> Your instructions: Transcribe each record precisely; images stay out.

> Material supplied:
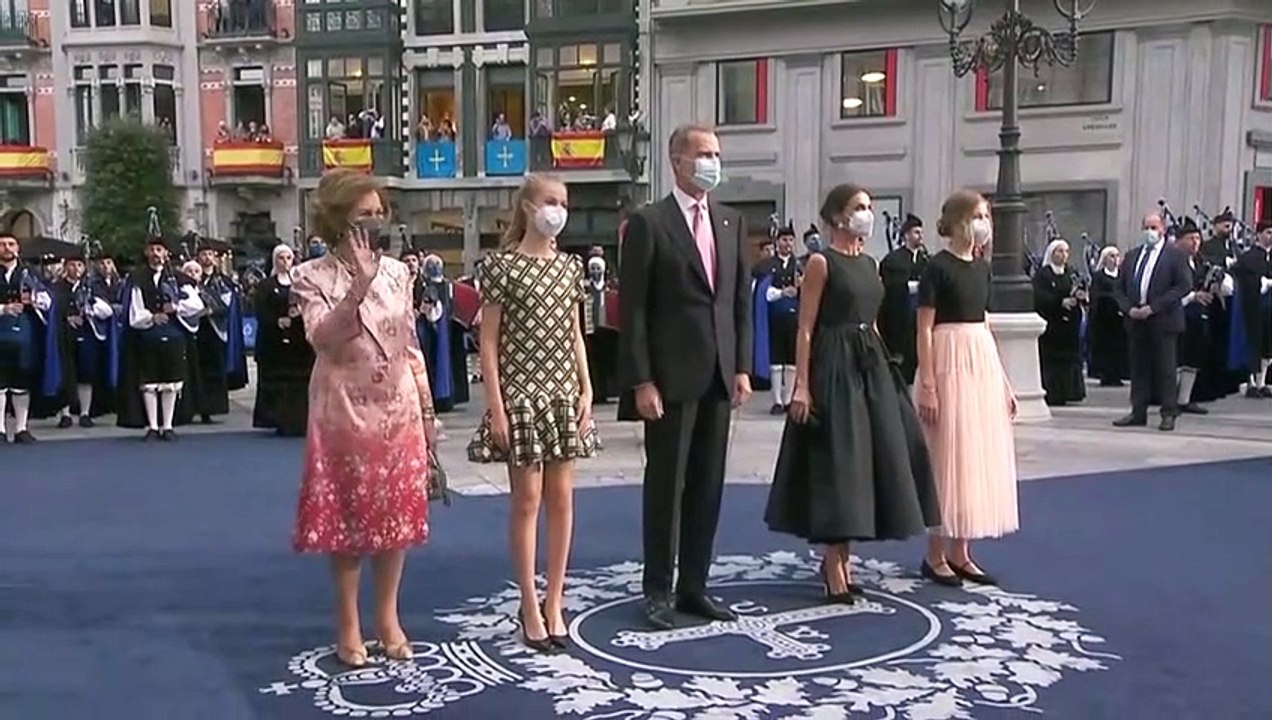 Los Premios Princesa de Asturias destacan la labor durante la pandemia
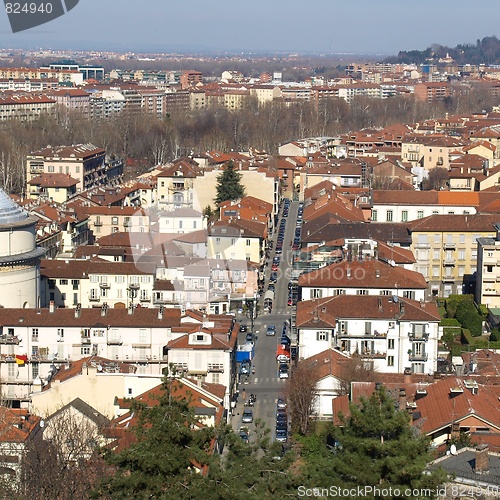 Image of Turin view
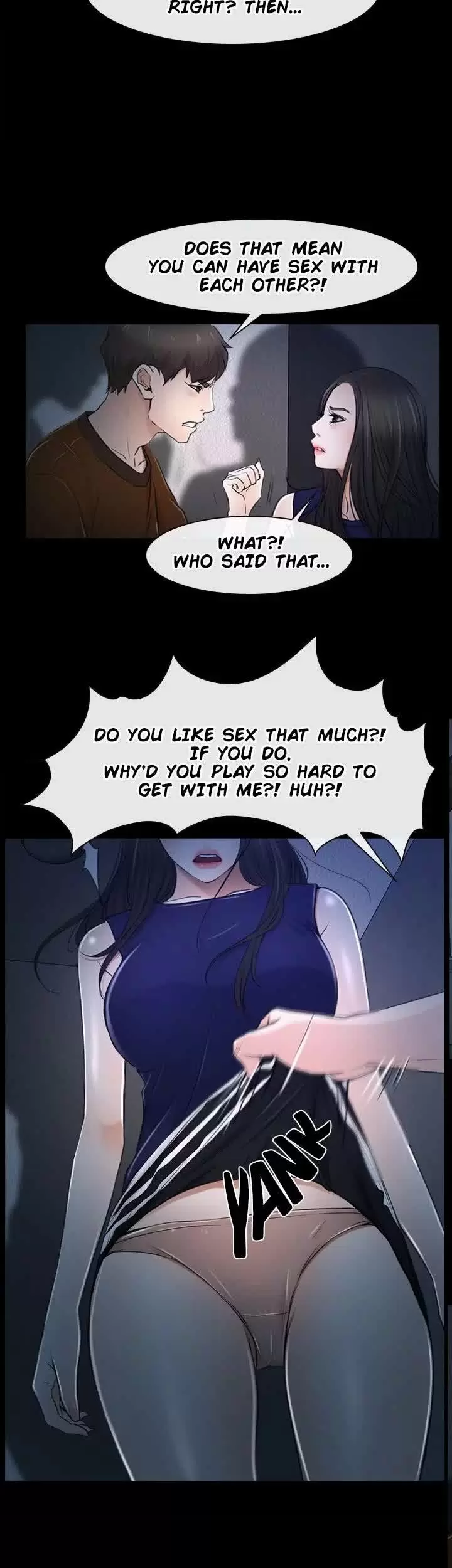 Hidden Feeling Capítulo 32 - Page 31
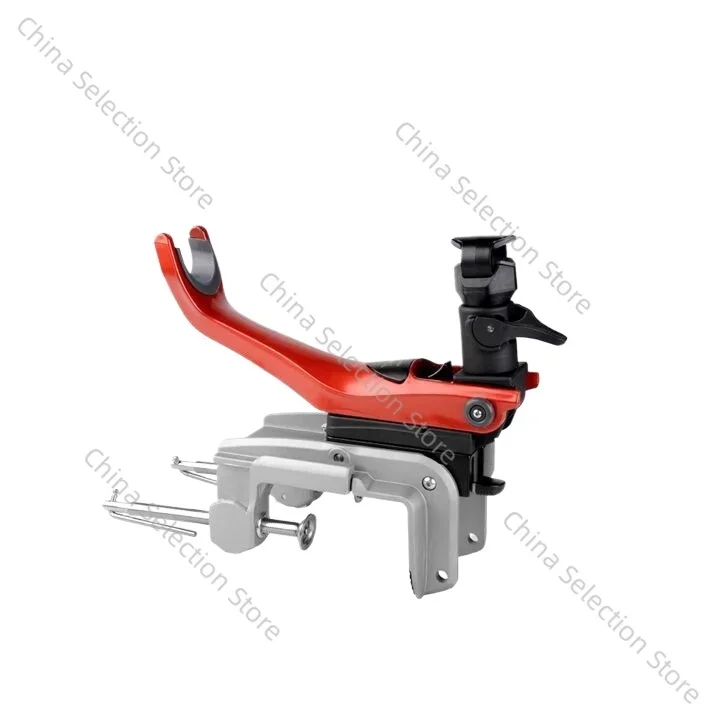 Speed Attack Boat Fishing Bracket - Sea Fishing Electric Winch Turret with 360-Degree Rotation and Three Clip Heads for Fishing
Speed Attack Boat Fishing Bracket - Sea Fishing Electric Winch Turret with 360-Degree Rotation and Three Clip Heads for Fishing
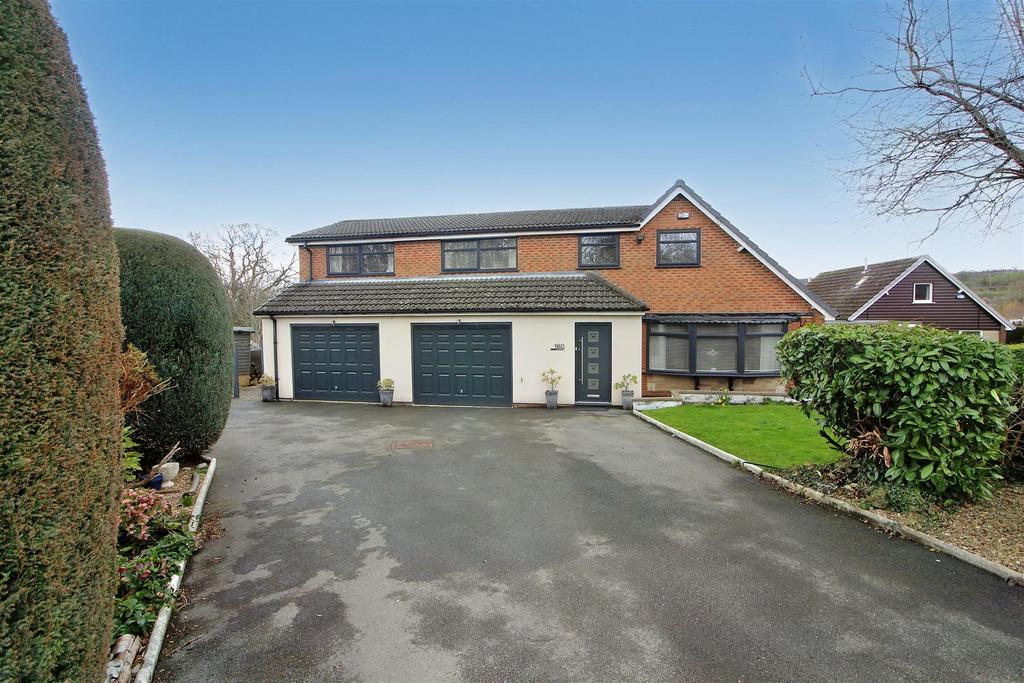 Pilling Lane, Scissett, Huddersfield HD8 9JF 4 bed detached house for sale £490,000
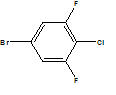 4-Chloro-3,5-difluorobromobenzene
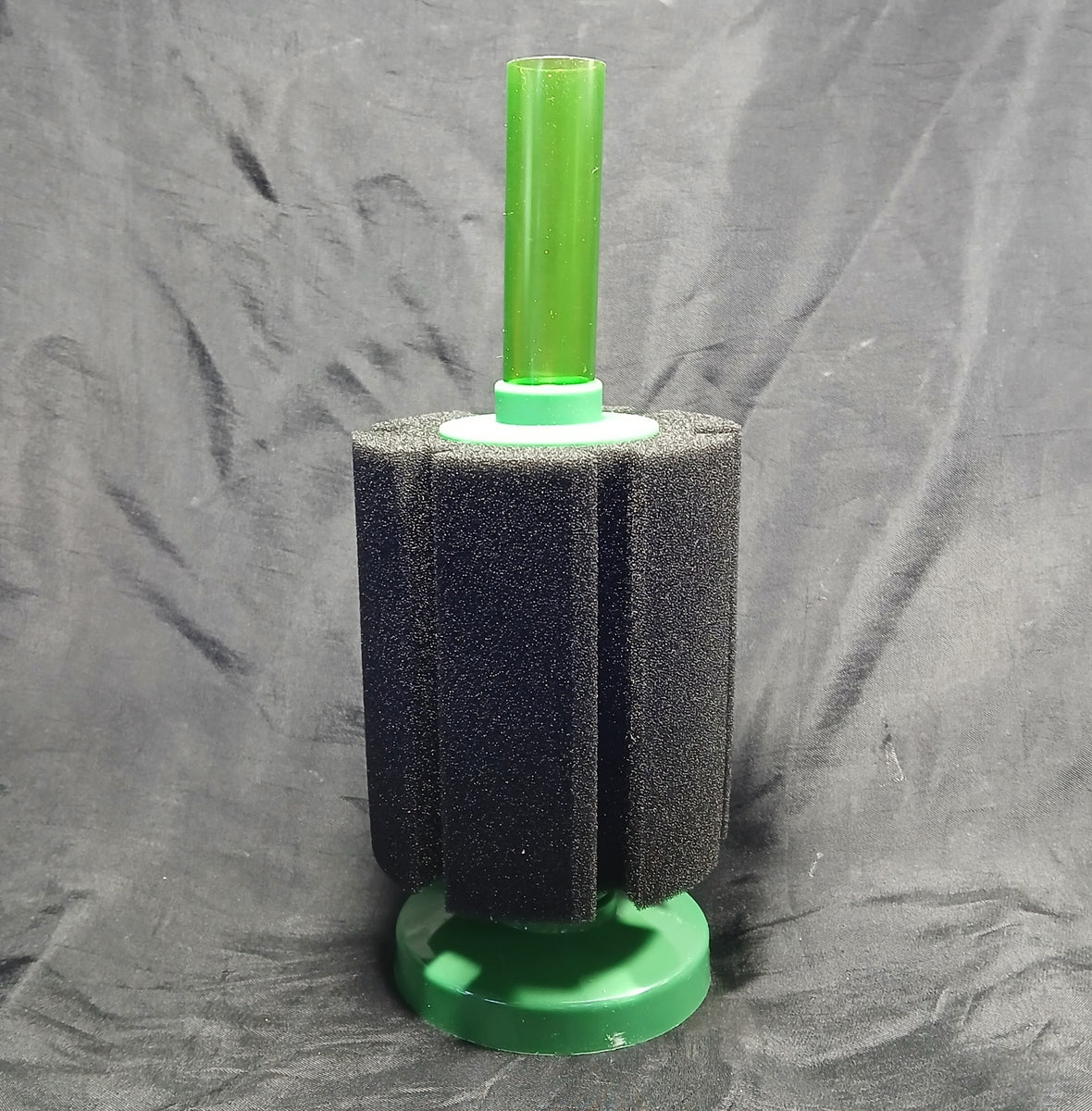 BioSponge Air Sponge Filter Round S/L – Sydney Aquascapes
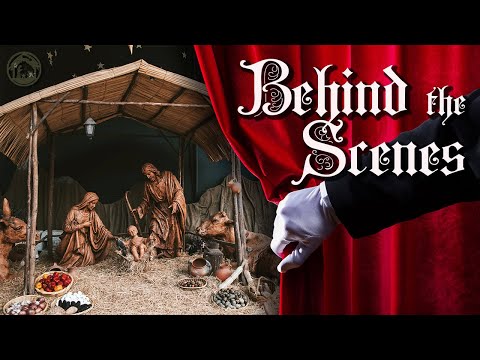 Jesus: The Only Begotten Son of God | Behind the Scenes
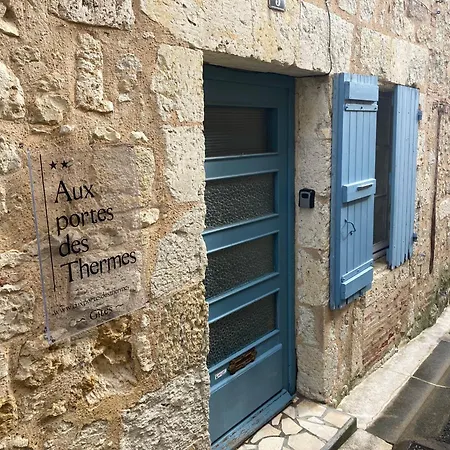 Apartment Aux Portes Des Thermes Lectoure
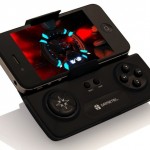 Gametel, un nuovo joypad fisico per iPhone 4 e iPhone 4S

> Solution to this exercise:
 Los Premios Princesa de Asturias destacan la labor durante la pandemia
 Image of Turin view
 Hidden Feeling Capítulo 32 - Page 31
 Speed Attack Boat Fishing Bracket - Sea Fishing Electric Winch Turret with 360-Degree Rotation and Three Clip Heads for Fishing
Speed Attack Boat Fishing Bracket - Sea Fishing Electric Winch Turret with 360-Degree Rotation and Three Clip Heads for Fishing
 Pilling Lane, Scissett, Huddersfield HD8 9JF 4 bed detached house for sale £490,000
 4-Chloro-3,5-difluorobromobenzene
 BioSponge Air Sponge Filter Round S/L – Sydney Aquascapes
 Jesus: The Only Begotten Son of God | Behind the Scenes
 Apartment Aux Portes Des Thermes Lectoure
 Gametel, un nuovo joypad fisico per iPhone 4 e iPhone 4S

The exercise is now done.